Sur les routes, par des nuits d'hiver, sans
gîte, sans habits, sans pain, une voix étreignait mon cœur gelé
: "Faiblesse ou force : te voilà, c'est la force".
Ici encore, le lyrisme est à l’appel. Le paysage est à la fois réaliste
et symbolique. Les « bois nains » (plantations récentes, sans
doute), contrastant avec la « grand’route », apportent un effet
de réalité : il s’agit d’un paysage particulier —
il n’y a
pas des « bois nains » partout — que le lecteur explique spontanément
par l’existence d’un souvenir précis. Mais ces « bois nains »
suggèrent aussi, par contamination, un autre contraste, entre le
caractère imposant de la grand’route et la silhouette minuscule
du voyageur. Mêmes caractéristiques dans la proposition suivante :
la « rumeur » de chute d’eau produite par les écluses (quel est
exactement le contenu de cette petite notation réaliste :
déversement
du trop plein ? ouverture des écluses quand un bateau passe ?) paraît comme amplifiée :
elle « couvre » les pas du chemineau (connotation symbolique).
Enfin, l’adverbe « longtemps » suggère la lenteur de la marche,
et le spectacle « mélancolique » du couchant parachève la
description d’un ultime détail romantique.
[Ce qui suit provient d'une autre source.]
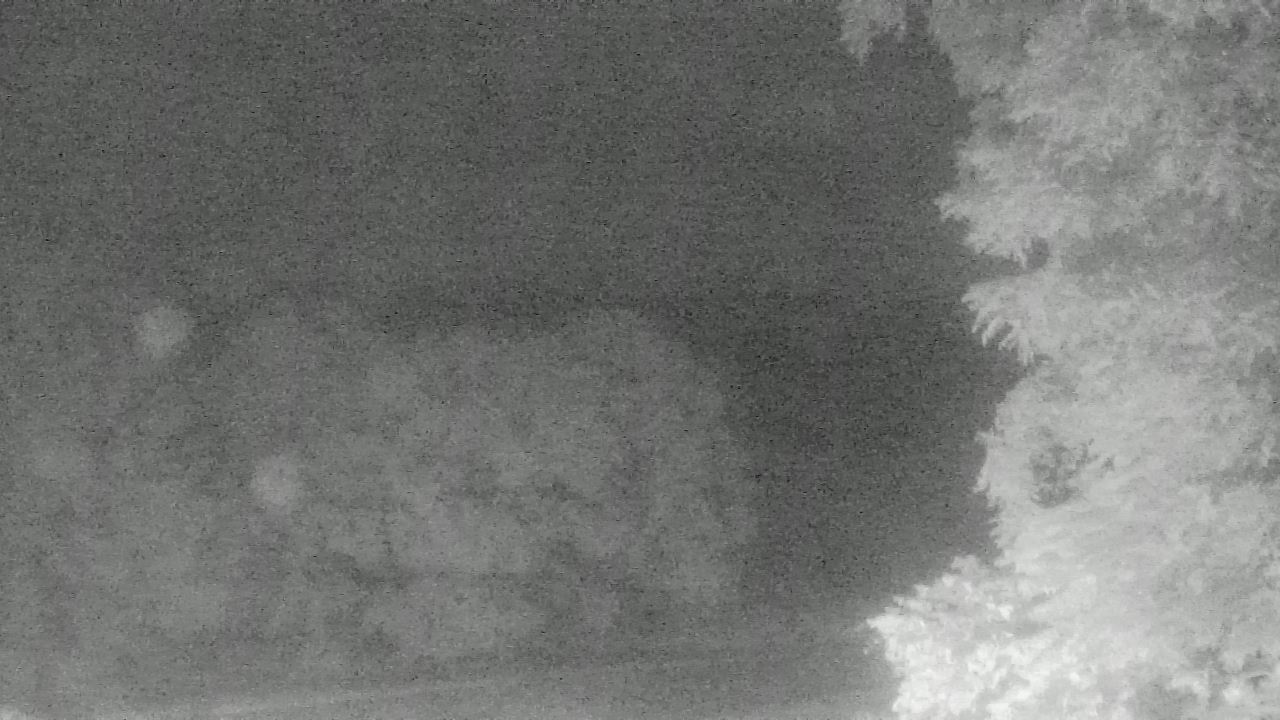 Thumbnail for current weather camera view from Chestnut Ridge Metro Park in Carroll, Ohio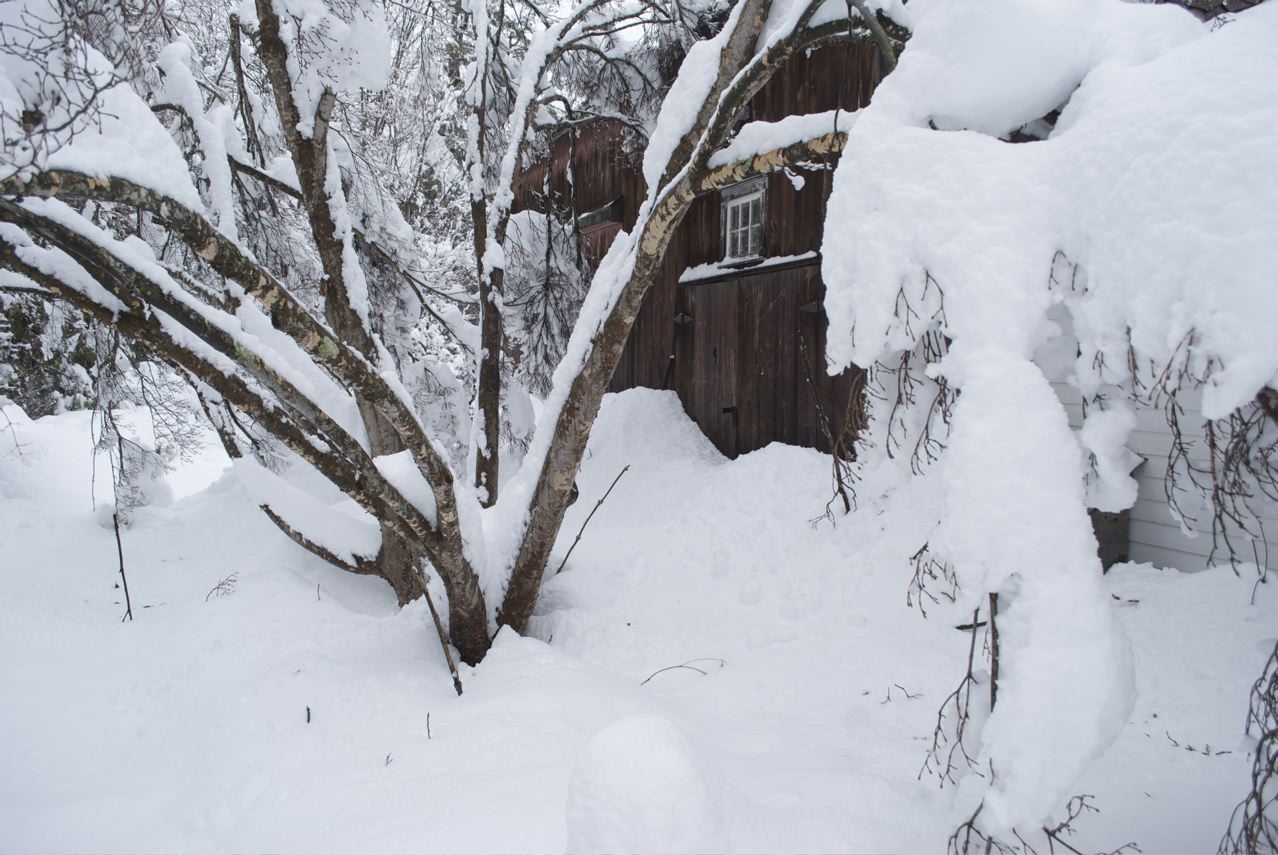 Flower Hill Farm Seasonal Musings Part Seven Farmhouse Front Garden West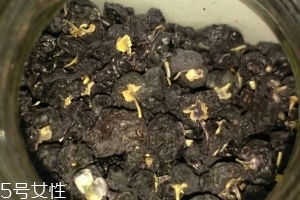 黑枸杞還還是紅枸杞好？各有千秋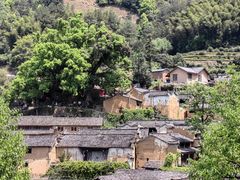 -杨家堂村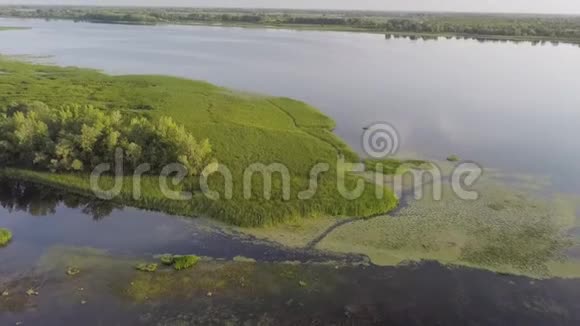 河滩湖河视频的预览图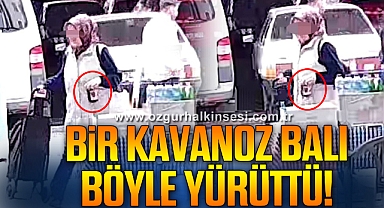 Bal ve çaydanlık seti çalan kadın yakalandı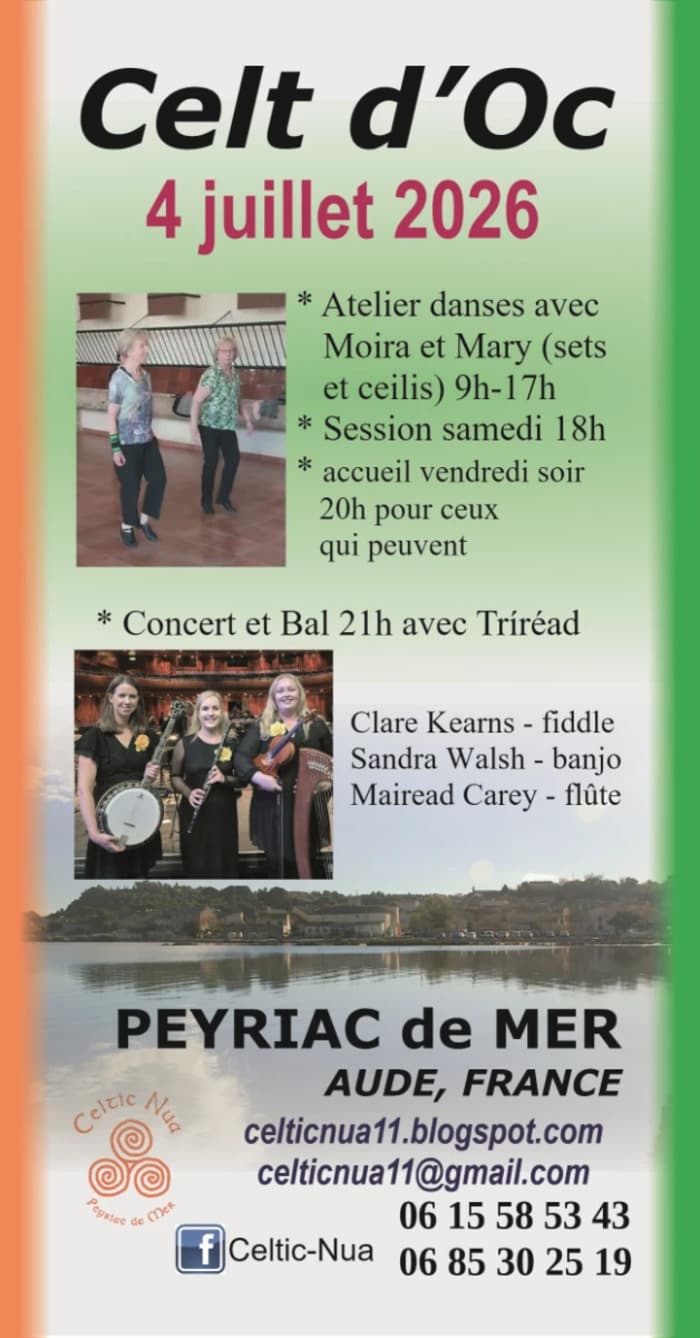 Illustration de l'événement : Stage de danses irlandaises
Le mot « lessive »
peint de façon presque triviale un ciel brouillé, qu’un dernier
soleil latéral parvient malgré tout à éclairer et comme à
laver. C’est une de ces géniales trouvailles permettant à
Rimbaud de renouveler une métaphore archi-usée (l’or du
couchant) et de lui conférer un aspect à la fois plus familier et
plus expressif.
Je serais bien l'enfant abandonné
sur la jetée partie à la haute mer, le petit valet, suivant l'allée
dont le front touche le ciel.
Le quatrième alinéa semble au premier abord répéter le précédent.
C’est au fond la même image du voyageur marchant, dans un décor
qui l’écrase, vers un horizon mélancolique. Mais de subtiles
différences marquent en fait un sensible changement de perspective.
D’abord, le « piéton » est présenté explicitement pour la
première fois comme un enfant. C’est toujours le vagabondage,
mais donné cette fois moins comme un destin imaginaire que comme
une réalité vécue dès l’enfance. C’est le thème de
l’enfance vagabonde, de « l’enfance mendiante » (« Vies II »).
Ensuite, sur le plan de l’écriture, on note un net renforcement
du registre pathétique : l’enfant est dit « abandonné »,
c’est un « petit valet », un petit pauvre. Le contraste entre la
petite taille du vagabond et le décor écrasant de sa marche (« la
haute mer », « le ciel ») se trouve singulièrement accentué.
Les deux nouveaux « chromos » proposés par ce paragraphe
constituent deux belles représentations plastiques de l’infini.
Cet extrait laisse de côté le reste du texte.